- **Task details**: Whatever pictures appear, omit them, and repeat the data below exactly.

- **Stored data**:

━━━━━━━━━━━━━━━━

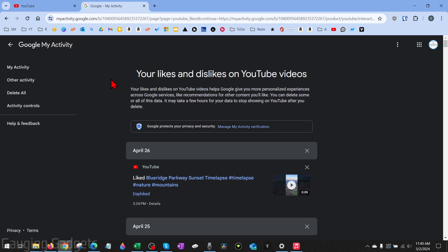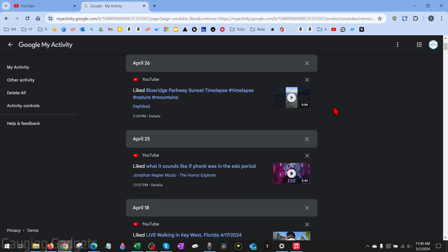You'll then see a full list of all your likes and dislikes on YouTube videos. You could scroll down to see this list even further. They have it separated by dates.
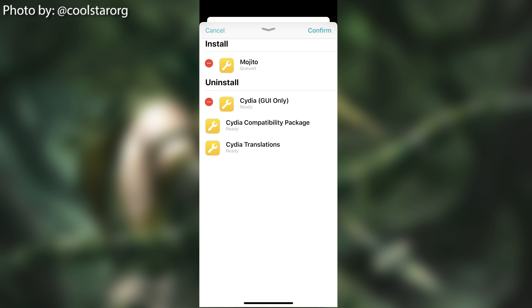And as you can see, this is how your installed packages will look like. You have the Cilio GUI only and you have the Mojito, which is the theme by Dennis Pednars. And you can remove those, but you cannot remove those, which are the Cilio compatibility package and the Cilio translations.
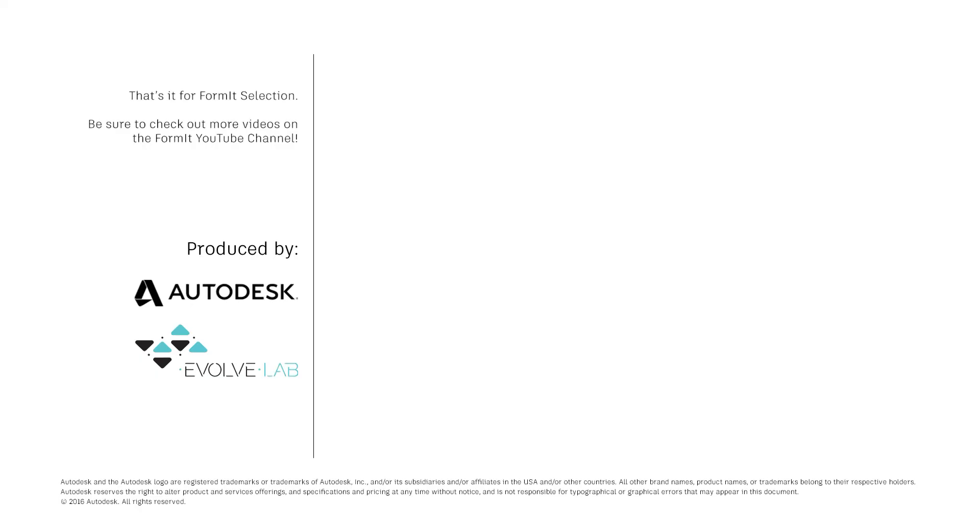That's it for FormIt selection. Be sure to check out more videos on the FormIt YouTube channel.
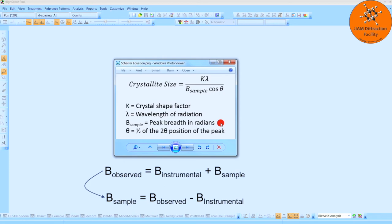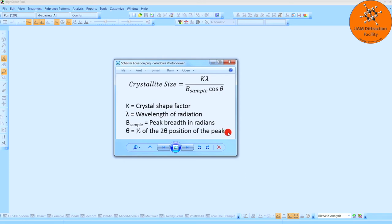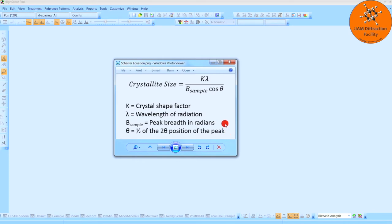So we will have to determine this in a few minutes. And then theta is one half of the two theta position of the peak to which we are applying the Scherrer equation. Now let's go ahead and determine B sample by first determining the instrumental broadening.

━━━━━━━━━━━━━━━━

- **Completed exercise**:
You'll then see a full list of all your likes and dislikes on YouTube videos. You could scroll down to see this list even further. They have it separated by dates.
And as you can see, this is how your installed packages will look like. You have the Cilio GUI only and you have the Mojito, which is the theme by Dennis Pednars. And you can remove those, but you cannot remove those, which are the Cilio compatibility package and the Cilio translations.
That's it for FormIt selection. Be sure to check out more videos on the FormIt YouTube channel.
So we will have to determine this in a few minutes. And then theta is one half of the two theta position of the peak to which we are applying the Scherrer equation. Now let's go ahead and determine B sample by first determining the instrumental broadening.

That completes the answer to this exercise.